Des environnements de travail durables pour les femmes : pourquoi le travail doit changer et non les femmes ?
Photographe: Lien Smets
Le ministre Jan Jambon a évoqué un « changement de comportement » chez les femmes. Mais peut-on vraiment résumer la situation de manière aussi simpliste ? Nous avons interrogé Deborah De Moortel, professeur de sociologie du travail (VUB) : « Le gouvernement doit se concentrer sur les causes structurelles, telles que la discrimination basée sur le genre, la ségrégation de genre sur le marché du travail, les normes de genre dominantes et les processus de socialisation qui y sont liés. Il est nécessaire de créer une prise de conscience, en reconnaissant que les femmes se trouvent dans une position vulnérable en raison de ces facteurs structurels. »
« Les femmes ne s'adaptent que lorsque les emplois le font aussi. » (Knack, 12 maart 2026)
Qu'est-ce qui manque aujourd'hui dans de nombreux emplois pour permettre aux femmes qui le souhaitent de travailler davantage et de manière plus durable ?
Professeur De Moortel : « La qualité d'un emploi ne se détermine pas uniquement par ce que vous faites, mais aussi par les conditions d'emploi dans lesquelles le travail est effectué. »
Selon elle, la clé d'un travail faisable ne réside pas seulement dans l'ergonomie ou le contenu des tâches, mais aussi dans la qualité de l'emploi. La qualité de l'emploi concerne les caractéristiques du travail convenues avec l'employeur. Lorsque plusieurs caractéristiques d'un emploi de faible qualité se cumulent, telles qu'un contrat temporaire, une faible rémunération, un bas salaire, peu de contrôle sur les horaires, des heures imprévisibles, des possibilités de formation limitées et/ou une faible participation aux décisions sur le lieu de travail, on peut parler d’un emploi précaire.

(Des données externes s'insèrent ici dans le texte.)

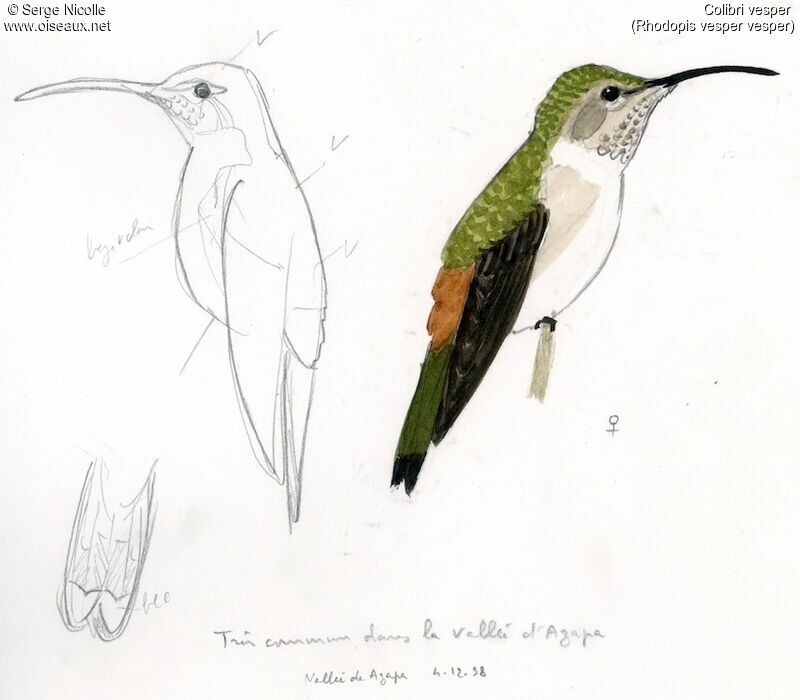 Colibri vesper femelle adulte, identification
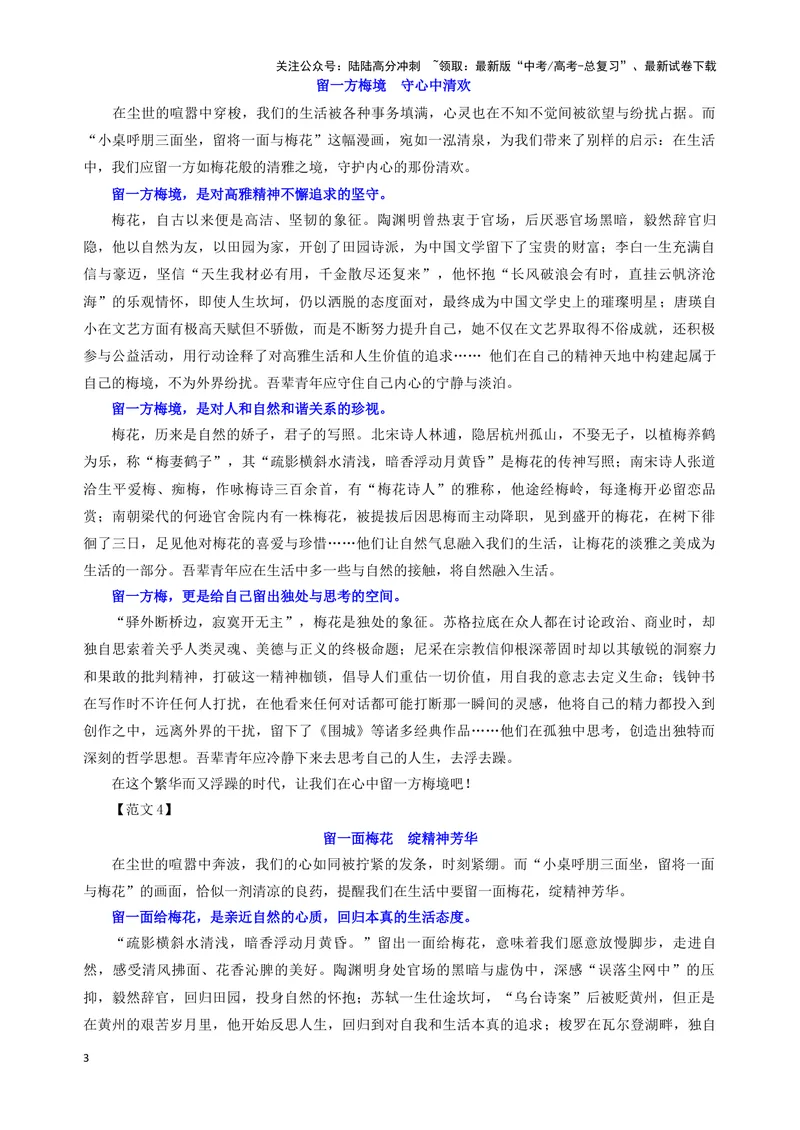 《专题02优秀范文集锦（05）（教师版）——_一轮复习_2024年_2024新高考语文一轮复习考点解析课件教案学案练习题_资料_2025版_作文》第3页预览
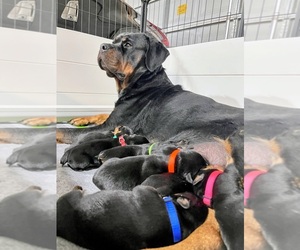 Rottweiler Puppy for Sale in MCLEANSVILLE, North Carolina USA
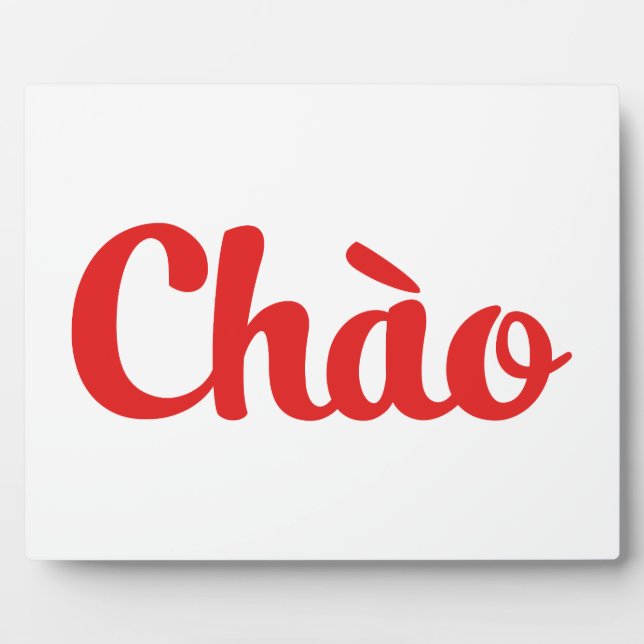 Plaque Photo Chào / Hello ~ Vietnam / Vietnamien / Tiêt Viêt (Devant)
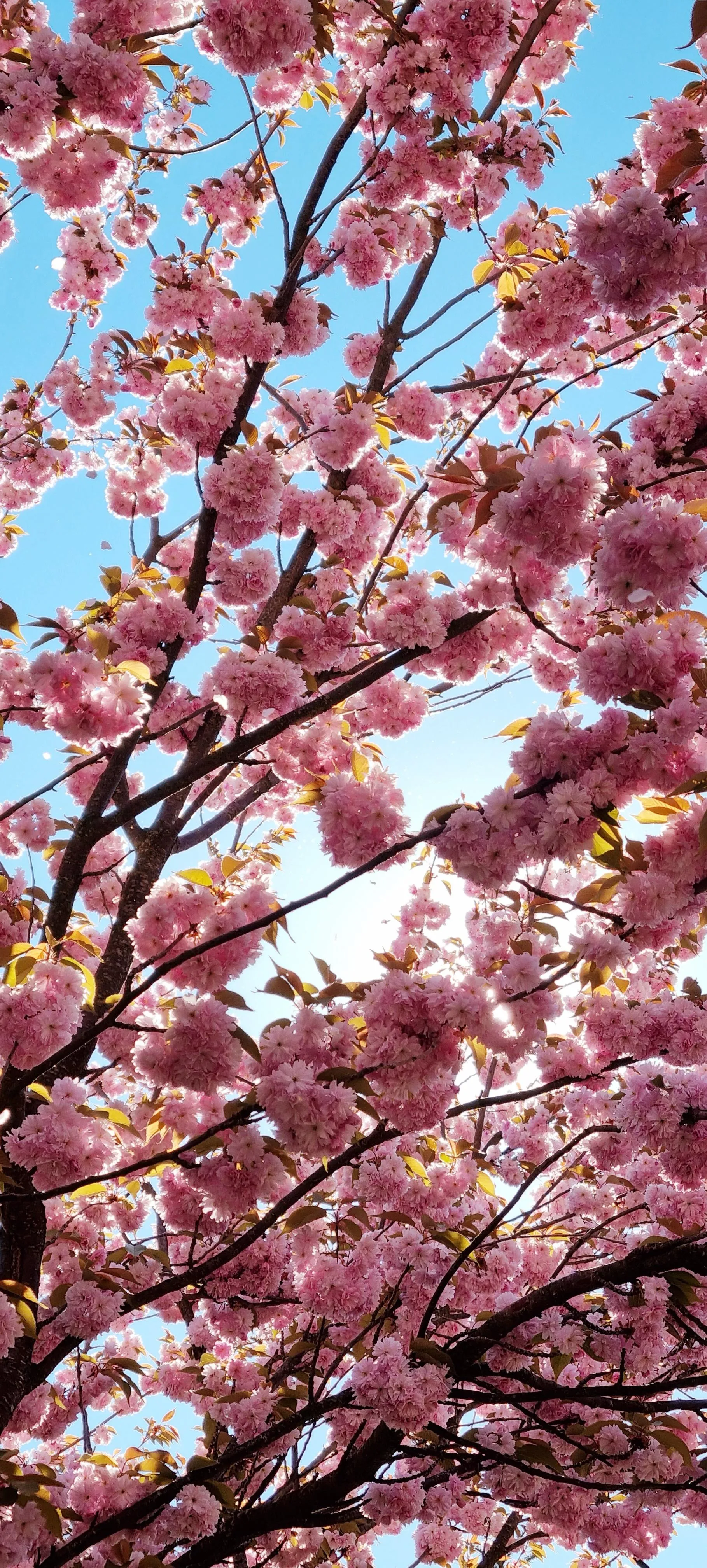 Pink Cherry Blossom Tree Branches Against Clear Blue Sky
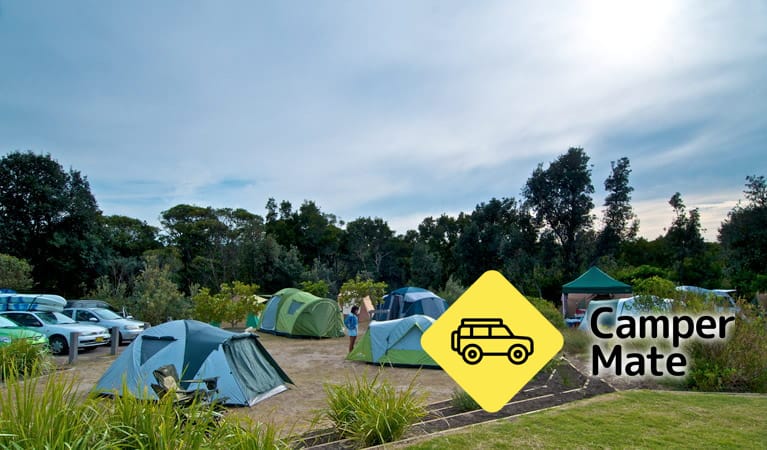 Freemans campingplass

Elle souligne que les emplois précaires pèsent lourdement sur le plan mental : « Les emplois précaires financièrement insoutenables, en particulier, sont liés à des problèmes de santé mentale. En outre, les femmes sont surreprésentées dans ce type d'emplois précaires. »
Par ailleurs, la flexibilité est cruciale, mais il s’agit d’une flexibilité orientée vers les travailleurs et non d’une flexibilité à l’avantage des employeurs : Une flexibilité orientée vers les travailleurs aide, par exemple, à concilier le travail et la vie privée. La participation à des activités familiales ou à d'autres activités du réseau social est importante pour le bien-être mental. À cet égard, les personnes travaillant en équipes sont particulièrement vulnérables : elles travaillent le soir, la nuit ou le week-end, alors que ce sont précisément les moments où se déroulent les événements sociaux. »

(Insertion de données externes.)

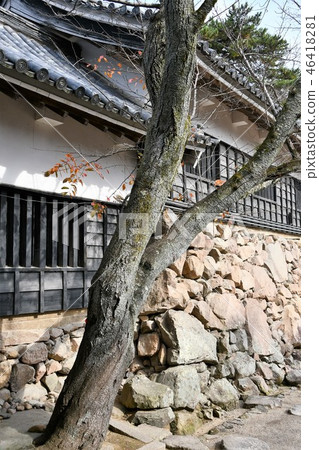 秋天松江城堡城堡鎮 秋天松江城堡城堡鎮 46418281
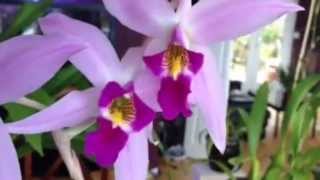 Orchid care Laelia Anceps Orchid [upl. by Adnalor]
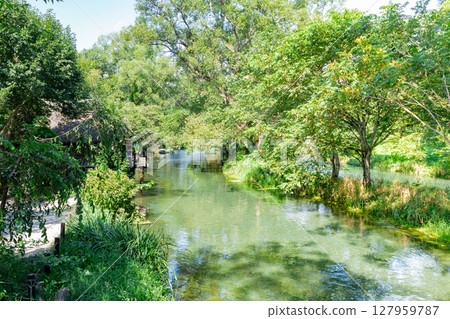 <Azumino> Spectacular view of the waterwheel and beautiful stream at Daio Wasabi Farm <Azumino> Spectacular view of the waterwheel and beautiful stream at Daio Wasabi Farm 127959787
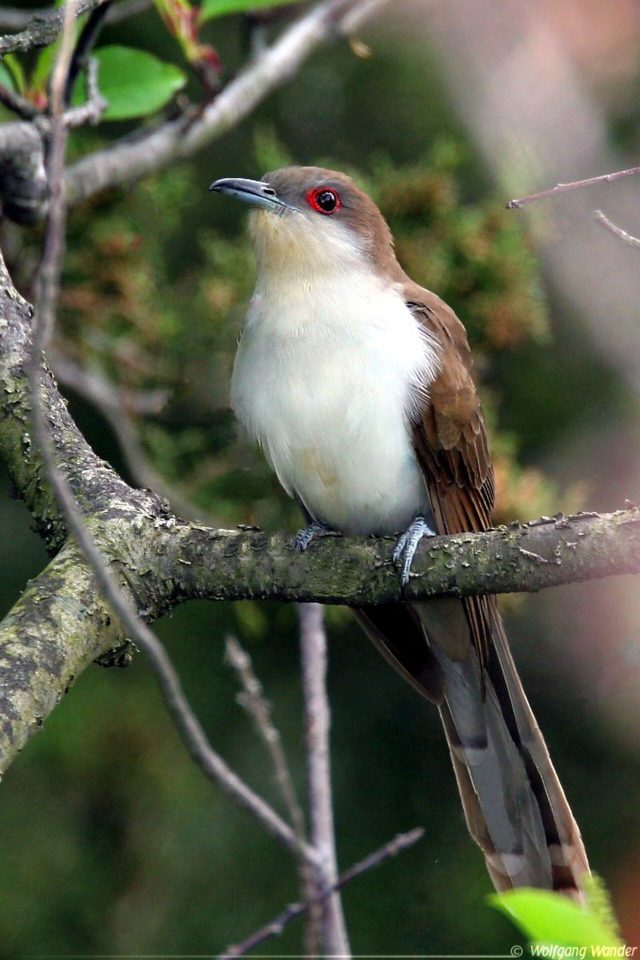 Black-billed Cuckoo reference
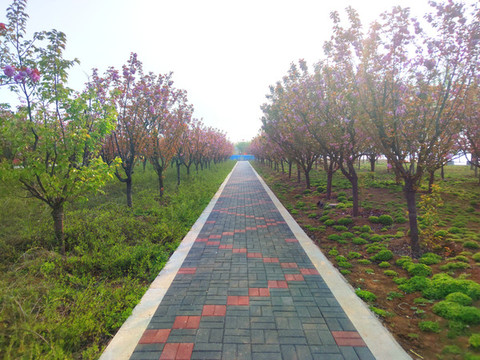 公園綠茵步道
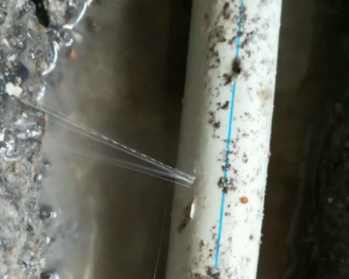 仪陇卫生间测漏水多少钱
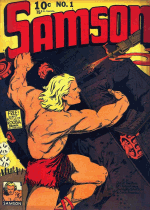 Cover For Samson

Pour créer une telle flexibilité, le soutien social au sein des équipes et de la part des responsables est essentiel : « Il faut organiser des équipes où les membres peuvent échanger leurs shifts entre eux et veiller à ce que les responsables garantissent une répartition équitable et transparente. »
Le travail à temps partiel est souvent présenté comme un choix libre des femmes. Pourquoi est-ce trompeur ?

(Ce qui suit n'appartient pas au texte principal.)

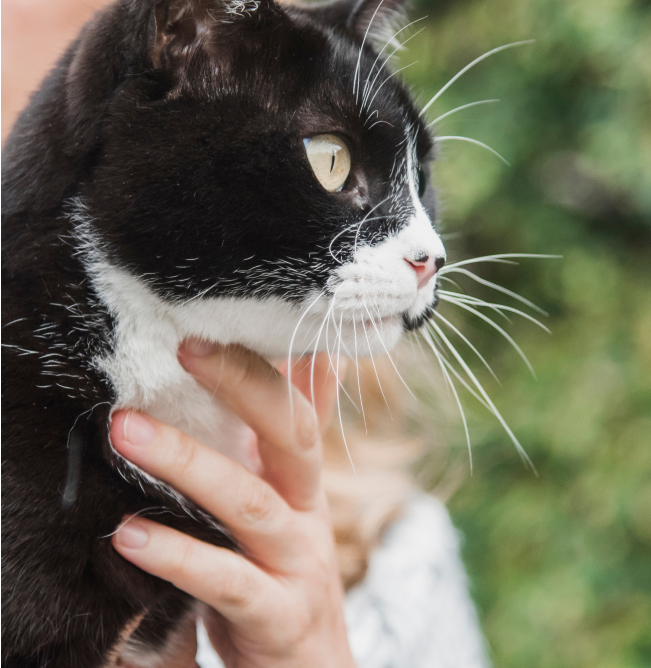 Impatto positivo - Gatto con mano che lo accarezza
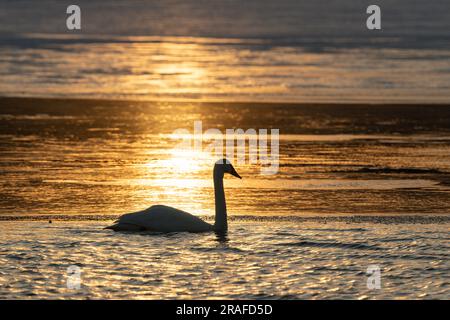Trompeterschwäne (Cygnus Buiccinator), Sonnenuntergang entlang St. Croix River, Grenze Minnesota-Wisconsin, USA, von Dominique Braud/Dembinsky Photo Assoc Stockfoto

« Ce “choix” est orienté de différentes manières par la société et par la situation de la femme concernée. Les différences dans l'utilisation du temps, les ressources de pouvoir et les normes de genre résultant de la socialisation se traduisent par un recours plus fréquent au travail à temps partiel chez les femmes.
Dès le plus jeune âge, les femmes sont davantage socialisées aux responsabilités domestiques, ce qui les conduit à y consacrer plus de temps. Même parmi les personnes vivant seules, on observe un écart de genre dans le travail domestique, bien qu’il soit plus faible. Comme les femmes passent plus de temps aux tâches ménagères, les hommes disposent relativement de plus de temps pour se consacrer au travail rémunéré, ce qui peut renforcer et perpétuer cette inégalité.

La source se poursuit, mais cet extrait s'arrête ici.